The construction company Odebrecht is at the center of a massive corruption scandal spanning Latin America and has admitted to paying bribes in 12 countries, including Colombia. Pizano worked as an auditor in one of Colombia’s biggest infrastructure projects which worked with Odebrecht. In 2013 Pizano began denouncing allegedly suspicious payments made by Odebrecht.
Last August, Pizano handed a Colombian news program an audio recording from 2015 involving Néstor Humberto Martínez—who is now the attorney-general. The news station said Pizano feared people were plotting his death. The airing of the audio generated calls for the attorney general’s resignation.
HEADLINES FROM THE WESTERN HEMISPHERE
UNITED STATES: U.S. District Judge Brian Cogan admonished Joaquín “El Chapo” Guzmán’s lawyer, Jeffrey Lichtman, for going “far afield of direct or circumstantial proof” in his Tuesday opening statement. The statement included assertions that Mexican officials at the highest levels —including two presidents— received millions of dollars in bribes from Guzmán’s cartel. Federal prosecutors asked Cogan to throw out the opening statement altogether, which was not conceded.
MEXICO: An estimated 1,767 members of the Tzotzil community fled the town of Chavajebal, El Bosque, in Chiapas’ highlands, last week. The exodus happened after a shootout and explosions caused residents to fear for their lives. According to the Fray Bartolomé de las Casas Human Rights Center, this forced displacement is a humanitarian crisis.
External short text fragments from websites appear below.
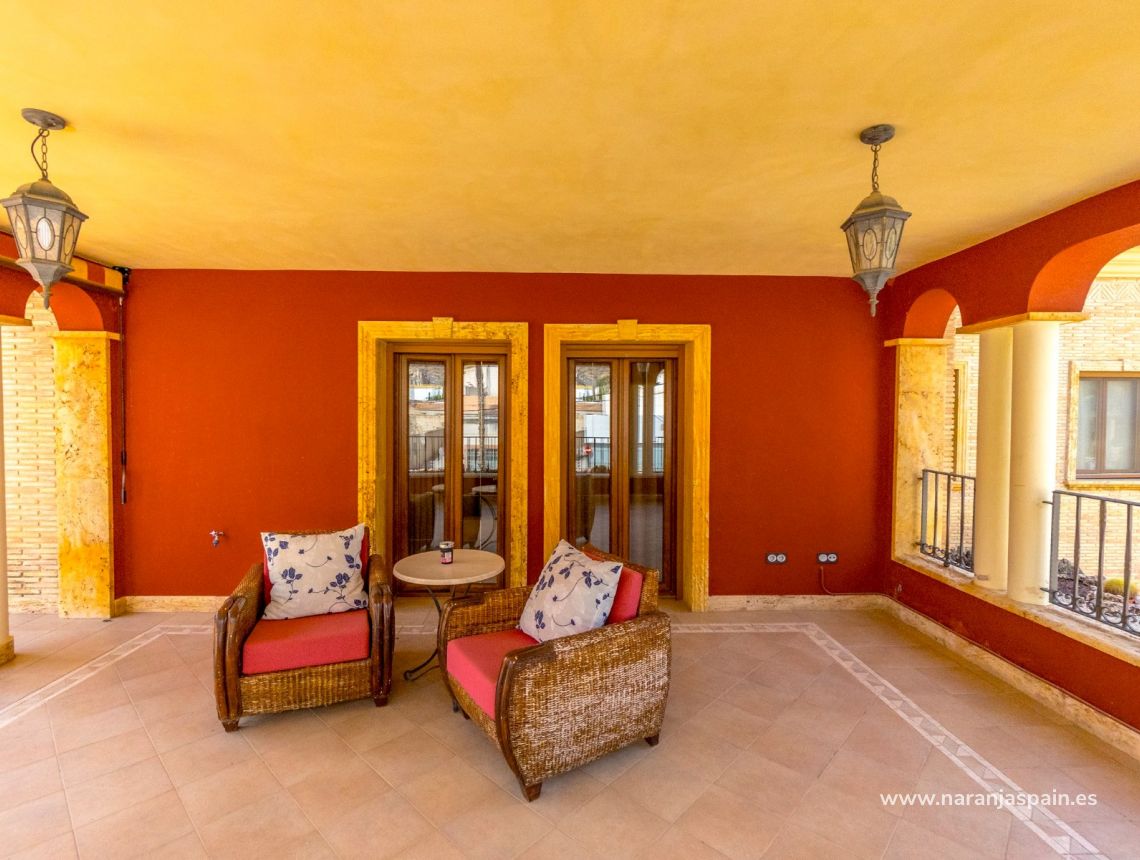 Segunda Mano - Villa - Orihuela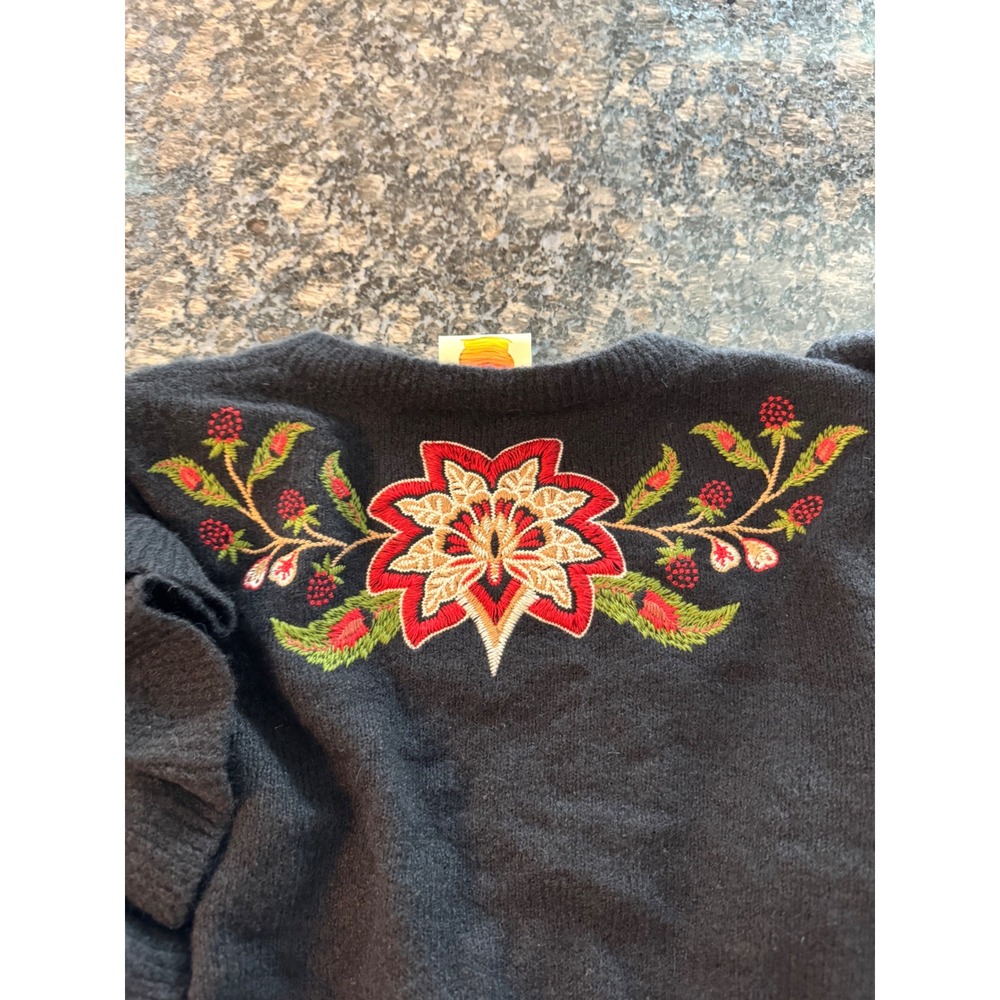 Farm Rio Embroidered Ruffle Sleeve Cropped Cardigan Sweater XS Floral NWT - Picture 9 of 12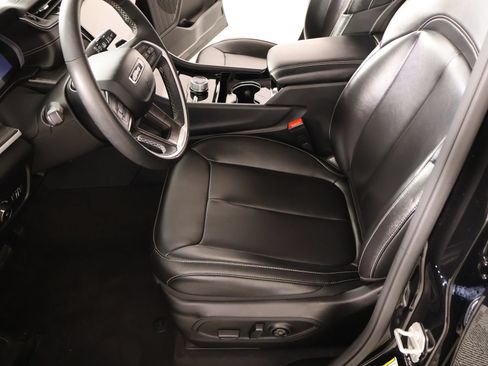 Used 2023 Jeep Grand Cherokee Limited w/ Black Appearance Package AWD/4WD image 12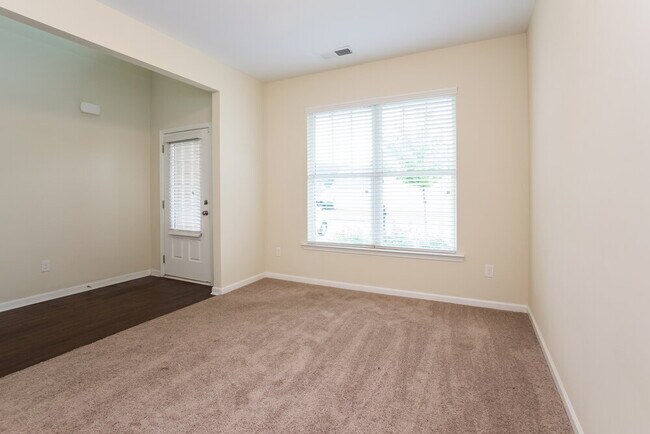 Building Photo - 430 Darbys Run Ct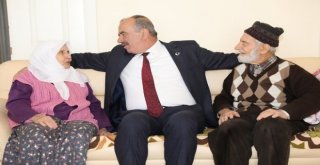 Başkan Türkyılmaz, Mudanyalıların Evine Konuk Oluyor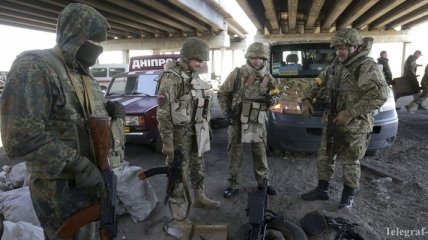 Защитники Донецкого аэропорта получили дополнительное вооружение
Other Tzotzil communities in the area have also been forcibly displaced due to violent conditions and government inaction has worsened the situation.
CUBA: The United States added 26 Cuban attractions, including ships and shopping centers, to a list of places that Americans tourists are barred from visiting. On a related note, a Cuban ambassador was rejected a room in a U.S.-owned hotel in Japan because it would violate the sanctions imposed by the U.S. government.
PANAMA: The General Attorney’s Office determined that union transportation leaders and authorities were involved in a complex corruption scheme, in which they tripled the compensation given to drivers of old buses, and then stole the money intended to go to them. Over 560 people have been indicted, including 63 public officials from the Transportation Office and the General Comptroller.
BOLIVIA: Archaeologists have excavated burial sites containing hundreds of human remains, ceramics, and metal crafts in the highlands south of La Paz, authorities announced yesterday. The dig had been authorized three months ago, when a mining project unearthed artifacts in the area. The remains date back roughly 500 years. Some have been identified as Incan, while others are believed to belong to an earlier civilization, possibly the Pacajes people.
BRAZIL: The Cuban government announced yesterday it will withdraw some 11,420 Cuban doctors stationed in Brazil, after far-right President-elect Jair Bolsonaro said he plans to force changes to their contracts. Since 2013, the “More Doctors” exchange program has sent 20,000 doctors to mostly rural, impoverished areas in the country. Bolsonaro has said he will require the doctors to keep the entirety of their salaries, 75 percent of which is currently remitted back to Cuba.